Published: Sunday, June 24, 2018 @ 12:09 PM

Dayton coach Shauna Green watches the team practice before the first round of the NCAA tournament on Thursday, March 15, 2018, at KFC Yum! Center in Louisville, Ky. David Jablonski/Staff
Staff Writer
Dayton coach Shauna Green watches the team practice before the first round of the NCAA tournament on Thursday, March 15, 2018, at KFC Yum! Center in Louisville, Ky. David Jablonski/Staff(Staff Writer)

The three newest members of the Dayton Flyers women’s basketball team — Ella Skeens, Amari Davidson and Kyla Whitehead — arrived on campus this weekend. The University of Dayton’s second summer session begins Monday and ends with exams Aug. 3-4.

“Very excited to finally have these three on campus!!” Dayton coach Shauna Green wrote on Twitter. “Can not wait to see what the future holds for them.”

» STAFF NEWS: Dayton hires new assistant coach

“Excited to have Ella, Amari and Kyla on campus!” assistant coach Calamity McEntire wrote on Twitter. “They have a sign hanging in their apartment that says, ‘Don’t wish for it, work for it.’ I loved it!!”

Here’s a quick glance at the three Dayton freshmen:

• Skeens, 5-foot-11 wing: She finished her career with 2,283 points. She’s the all-time leading scorer in the history of Chillicothe Southeastern High School, Ross Country and the Scioto Valley Conference. Skeens committed to Dayton on June 4, 2017.

• Davidson, 6-2 forward: The Avon High School graduate committed to Dayton on Aug. 17, 2017. She’ll be the third member of her family to play college basketball. Sierra Davison, a 6-0 forward, played in six games last season as a junior at Cleveland State.
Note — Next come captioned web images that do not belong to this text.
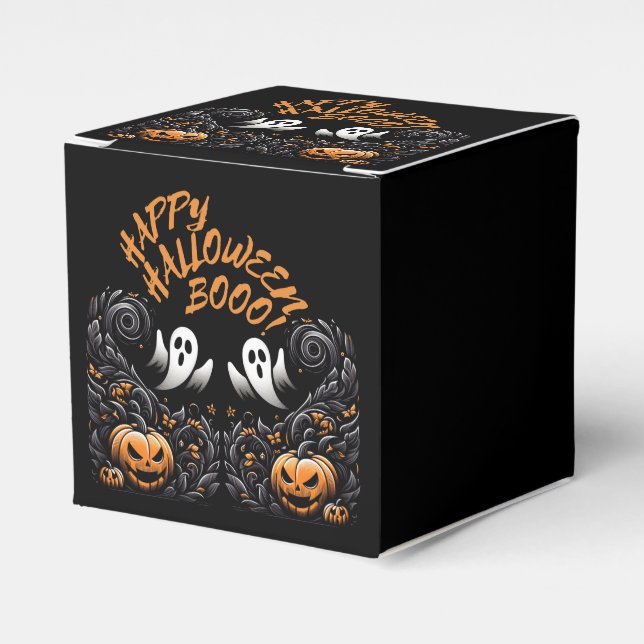Happy Halloween Boo  Favour Box (Front Side)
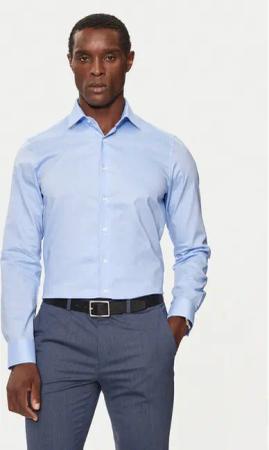 Michael Kors Hemd MK0DS01294 Blau Regular Fit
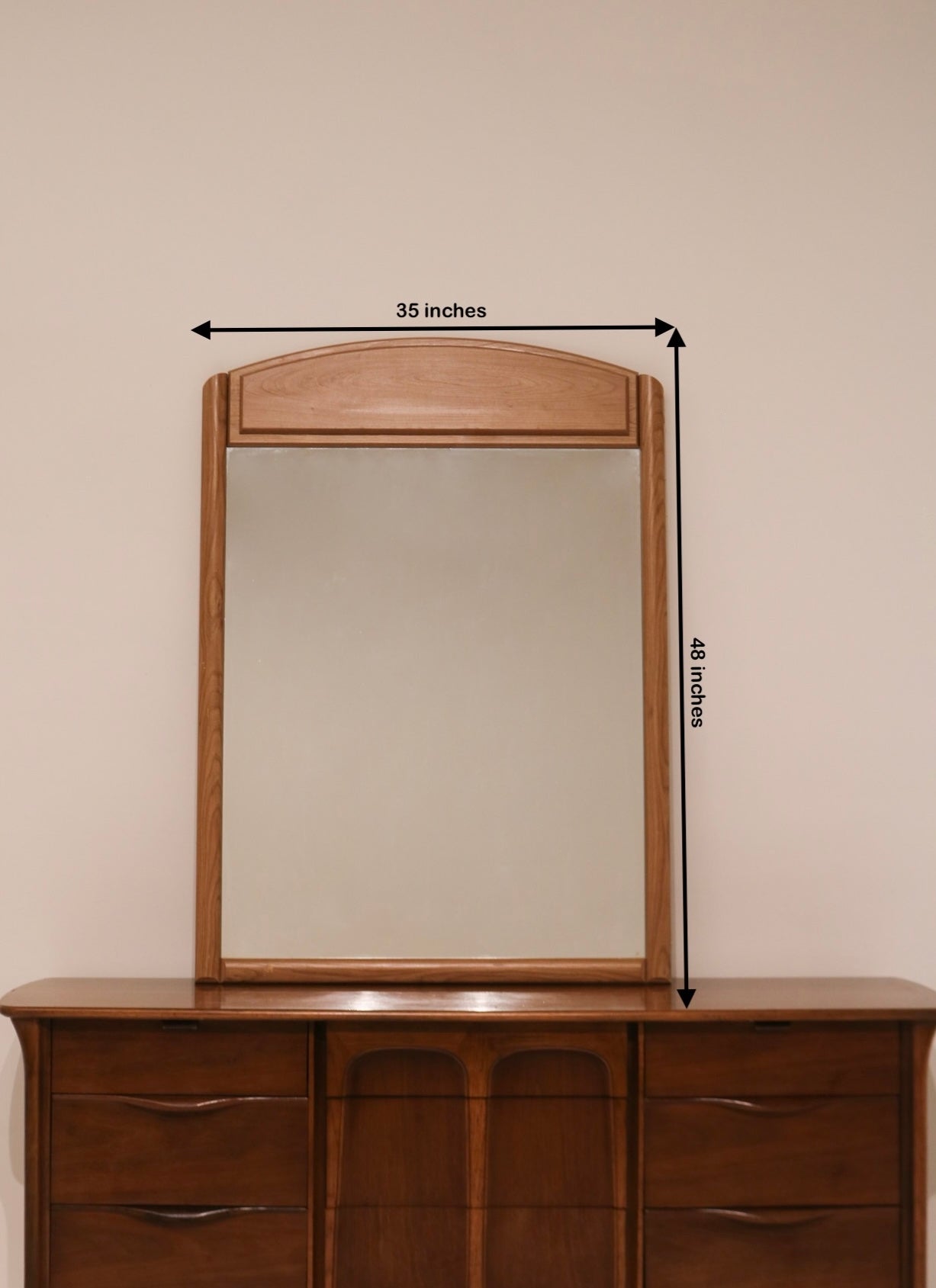 Vintage Wooden Stand Wall Mirror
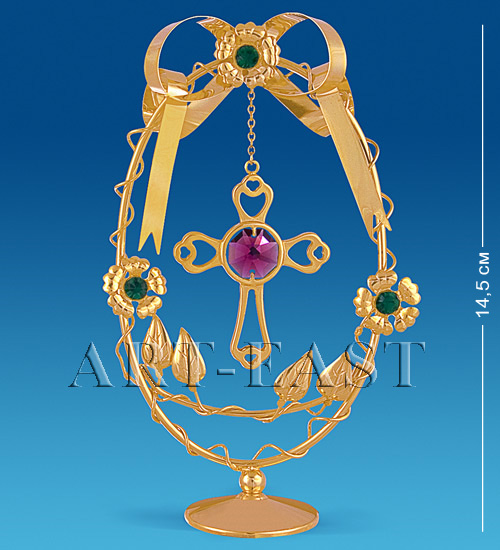 AR-4088/ 2  Композиция "Крест в яйце" с цв.кр. (Юнион)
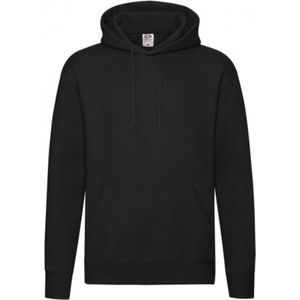 Premium Hooded Sweat - Black - S - Fruit of the Loom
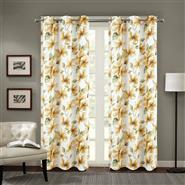 April Printed Blackout Grommet Panel 84" Gold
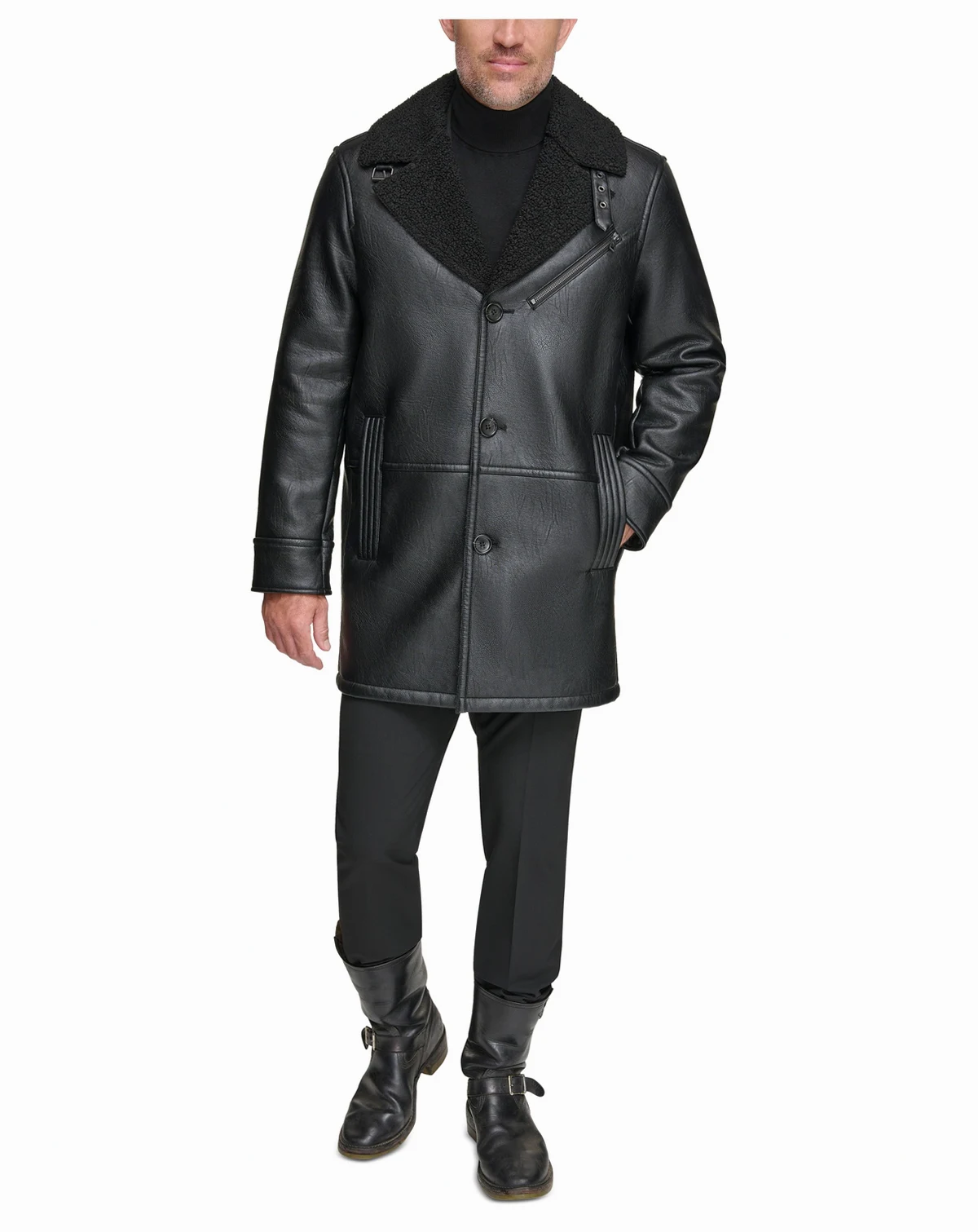 Men's Condore Faux-Shearling Top Coat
Shay Davidson, a 5-11 forward, played in 18 games last season as a freshman at Notre Dame College.

•  Whitehead, 6-2 forward: She helped lead Pickerington Central to the Division I state championship in March. She had nine points and five rebounds in a 49-45 victory against Solon in the title game. Whitehead committed to Dayton on Sept. 26, 2017.